_What needs to be done_.
From the data below, tally each line that has "black" in it, then give that tally without comment.

Short web captions:
┌────────

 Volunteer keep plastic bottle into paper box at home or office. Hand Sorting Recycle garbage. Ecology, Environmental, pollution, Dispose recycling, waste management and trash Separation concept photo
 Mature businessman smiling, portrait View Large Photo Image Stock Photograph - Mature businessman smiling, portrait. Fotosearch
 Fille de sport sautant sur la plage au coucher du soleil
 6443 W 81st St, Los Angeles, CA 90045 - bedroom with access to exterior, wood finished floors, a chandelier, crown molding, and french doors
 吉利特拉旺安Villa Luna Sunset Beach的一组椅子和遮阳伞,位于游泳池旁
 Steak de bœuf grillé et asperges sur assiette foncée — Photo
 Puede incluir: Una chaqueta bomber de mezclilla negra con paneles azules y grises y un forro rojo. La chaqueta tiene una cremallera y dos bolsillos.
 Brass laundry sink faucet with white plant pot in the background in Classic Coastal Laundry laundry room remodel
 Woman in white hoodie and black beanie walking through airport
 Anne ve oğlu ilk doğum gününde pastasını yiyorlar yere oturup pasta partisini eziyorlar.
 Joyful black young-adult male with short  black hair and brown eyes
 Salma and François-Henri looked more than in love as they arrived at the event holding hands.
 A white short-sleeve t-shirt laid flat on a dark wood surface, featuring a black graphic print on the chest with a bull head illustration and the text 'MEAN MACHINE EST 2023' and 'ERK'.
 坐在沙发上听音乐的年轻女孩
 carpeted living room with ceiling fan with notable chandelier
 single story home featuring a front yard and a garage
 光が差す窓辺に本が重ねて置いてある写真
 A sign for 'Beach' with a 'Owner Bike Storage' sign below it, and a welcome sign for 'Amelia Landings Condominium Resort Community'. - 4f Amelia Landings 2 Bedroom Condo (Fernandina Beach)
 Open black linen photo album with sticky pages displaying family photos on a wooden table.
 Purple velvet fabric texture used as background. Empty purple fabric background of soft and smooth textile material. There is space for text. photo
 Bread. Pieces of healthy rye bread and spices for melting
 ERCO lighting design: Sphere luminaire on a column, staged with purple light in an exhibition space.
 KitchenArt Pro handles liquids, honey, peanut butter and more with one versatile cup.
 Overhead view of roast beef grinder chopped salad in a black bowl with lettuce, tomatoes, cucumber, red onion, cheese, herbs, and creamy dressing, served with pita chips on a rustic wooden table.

└────────

_Your response_.
5